Le nouveau partage : une santé solidaire et responsable

Les deux tiers des français estiment que notre système de santé s’est dégradé ces dernières années.

Notre système de santé, considéré comme un des meilleurs au monde, consacre un niveau de dépenses supérieur de 2 points de PIB par rapport aux autres pays occidentaux. Pourtant les résultats sanitaires demeurent moyens. La mortalité masculine prématurée (inférieur à 65 ans) est une des plus élevées d’Europe et notre espérance de vie sans incapacité (en bonne santé) nous situe derrière la Bulgarie et la république Tchèque. Les deux tiers des français estiment que notre système de santé s’est dégradé ces dernières années.

 

CONSTAT

 

L’Etat se substitue progressivement  aux institutions  dans la gouvernance de la santé. Autrefois  bâtie  sur 3 piliers  principaux :

 

-           Solidarité organisée  autour de la Sécurité Sociale : le financement solidaire, bien qu’en augmentation constante, s’avère insuffisant pour couvrir toutes les dépenses,

 

-           Responsabilité  des professionnels de santé  garantissant un accès aux soins, malgré un rationnement de l’offre (numerus clausus médical),

 

-           Liberté pour l’usager du système de santé  qui peut ainsi mettre en concurrence  les offreurs de soins, avec toutefois des barrières financières (avance des fonds, ticket modérateur et dépassements d’honoraires).

 

 

L’augmentation irréductible des dépenses de santé est classiquement attribuée au vieillissement de la population. Cela masque le rôle principal joué par l’innovation et l’évolution des pratiques médicales ainsi que par l’aspiration de la population à une meilleure santé.

 

Entre 1992 et 2000, les dépenses de santé ont augmenté de 54 % ; ce qui était la résultante :

-           De l’évolution des pratiques : 58 %

-           Du vieillissement de la population : 3%

-           De l’augmentation de la population : 3 %

-           De la baisse  de la morbidité : - 10%

 

Cette augmentation des dépenses de santé a un impact  socioéconomique très positif par la restauration de la force de travail et par la dynamisation de tout un pan de l’économie.

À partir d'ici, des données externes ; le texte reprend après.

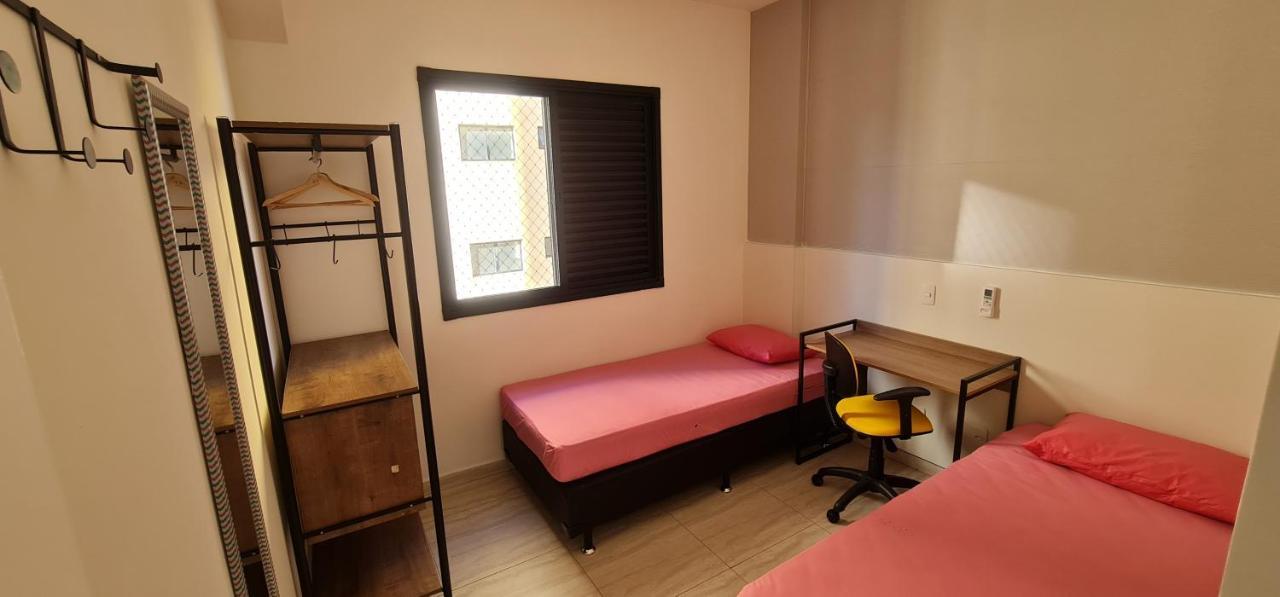 Apto Aconchegante, Bem Localizado, Churrasqueira Na Varanda, Servico De Limpeza Diaria, Servico De Praia - Pitangueiras - Γκουαρούχα Εξωτερικό φωτογραφία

On observe toutefois un effet ciseaux entre une demande de soins croissante et une ressource médicale en déclin relatif (déserts médicaux, difficultés croissantes de recrutement dans les hôpitaux).

 

Notre système de santé est à bout de souffle. Il devient injuste socialement, créant de profondes inégalités d’accès aux soins. Au-delà du nécessaire équilibre des comptes de l’assurance maladie, une véritable stratégie doit être instaurée.

 

 

PROPOSITIONS 

 

1. Arrêt de la multiplication des « lois de santé » : les dernières alternances ont été marquées par la volonté systématique de promulguer de nouvelles lois alors que les lois de financement de la sécurité sociale permettent, chaque année, de faire passer de nouvelles réformes. Il apparaît nécessaire d’instaurer d’une forme de pause législative et de privilégier la rénovation contractuelle et réglementaire pour faire des ajustements progressifs. Les grandes lois qui ambitionnent de tout réformer ne font qu’attiser les blocages et au final s’avèrent contre-productives.

 

2. Application mesurée du principe de précaution : la sur-réactivité des pouvoirs publics à tout risque sanitaire (utopie du risque 0) conduit à des gaspillages (canicule, H1N1) et à des effets contre-productifs (méfiance des français vis-à-vis des vaccins, suite à la crise H1N1).

 

3. Assurer la couverture H24 de tout le territoire français par les soins de 1er recours : ouverture immédiate du numerus clausus médical et ajustement de l’Examen Classant National, avec une première étape sous conditions d’exercice dans les zones et établissements les plus dépourvus (déserts médicaux). Cette ouverture devra être accompagnée de mesures de soutien pour la formation et l’accueil des étudiants.

 

4. Organisation de la gradation des soins, permettant d’assurer à chaque français une prise en charge adaptée : un arbitrage doit être fait entre proximité et sécurité pour une couverture efficiente des territoires et une permanence des soins assurée (rôle des petits hôpitaux à reconsidérer).

 

4. Redéfinition du « panier de biens et services remboursables », pour recentrer les financements de la solidarité nationale vers les soins à service médical rendu les plus performants : il convient de trouver la juste mesure entre la solidarité et la responsabilité dans le financement des soins pour réserver la solidarité aux soins couteux et nécessaires. Une certaine dose de responsabilité doit être maintenue voire restaurée, afin d’éviter la dérive consumériste actuelle (ticket modérateur, conditions du 1/3 payant, reste à charge). La solidarité pourra ainsi être déployée prioritairement vers les populations les plus atteintes et les plus démunies.

 

5. Restaurer la vitalité de la recherche et du développement dans le domaine des traitements de haut niveau et veiller à leur diffusion à l’ensemble de la population : le coût très élevé de ces nouvelles techniques risque de les rendre inaccessibles à la majorité des Français.

 

6. Arbitrer entre liberté et sécurité pour une mise en œuvre effective et urgente du Dossier Médical Personnel (DMP) : l’incapacité à trancher entre les exigences de liberté des usagers d’une part et les exigences de sécurité des professionnels d’autre part conduit à la paralysie du DMP depuis 10 ans. Il est grand temps de débloquer ce projet nécessaire à la bonne coordination des soins.

 

8. Faire évoluer les modes de paiement des acteurs de santé :

-           Diversifier la rémunération  des Médecins Généralistes et Spécialistes   afin de diminuer le différentiel qui existe actuellement entre ces praticiens.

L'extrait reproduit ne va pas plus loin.